Somente esta semana registraram-se:

1) o milionésimo naufrágio nos rios da Amazônia com centenas de vítimas, em navios já condenados pela Capitania dos Portos, e que trafegam tranqüilamente pra cima e pra baixo com excesso de passageiros;

2) a centésima milionésima falcatrua envolvendo funcionários públicos federais, estaduais e municipais, com direito a aparecerem algemados em primeira página de jornal, para no dia seguinte obterem ali na esquina o competente habeas corpus e irem para casa usufruir da roubalheira;

3) o centésimo escândalo envolvendo “celebridades” – como esse otário Ronaldinho, um fenômeno de obesidade e obtusidade;

4) mais uma “aposentadoria” milionária concedida a supostas vítimas da ditadura – no caso, Ziraldo e Jaguar – que jogaram no lixo tudo o que podíamos dizer de bom sobre eles.

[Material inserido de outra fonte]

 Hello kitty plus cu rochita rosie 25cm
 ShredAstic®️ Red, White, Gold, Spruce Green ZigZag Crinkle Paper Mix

Por tudo isso, meus amigos, tenho dito que o problema da safadeza brasileira não atinge somente nossos bolsos e nossa “imagem” (qual?!) lá fora. Atingem sobretudo nosso combalido estômago, obrigado a digerir tanta patifaria, desde o olhar fingidamente surpreso do Lula diante da sucessão de escândalos, até o olhar de vestal do FHC, tão sem-vergonha quanto seus sucessores. E haja chá de boldo, haja o carinho de minha santa mulher, haja água de coco e rede na varanda. Um dia desses vi, num desses canais tipo Discovery, uma matéria sobre uma tribo desconhecida, que mora numa ilha perdida na Oceania, um povo primitivo, que anda pelado e vive da criação de bacorinhos. Moram em choças, andam bem sujos, são feios de doer. Mas como riem, como se abraçam, como acham graça em seu próprio trabalho, em suas caçadas pela floresta, em suas crianças. Fiquei pensando comigo: esses caras são incomparavelmente mais felizes do que nós. Eles não têm tv nem internet, nem planos de saúde ou de aposentadoria. Mas também não têm lulas nem efe-agá-cês, nem ziraldos nem jaguares, devem portanto possuir um trato gastro-intestinal de primeira ordem.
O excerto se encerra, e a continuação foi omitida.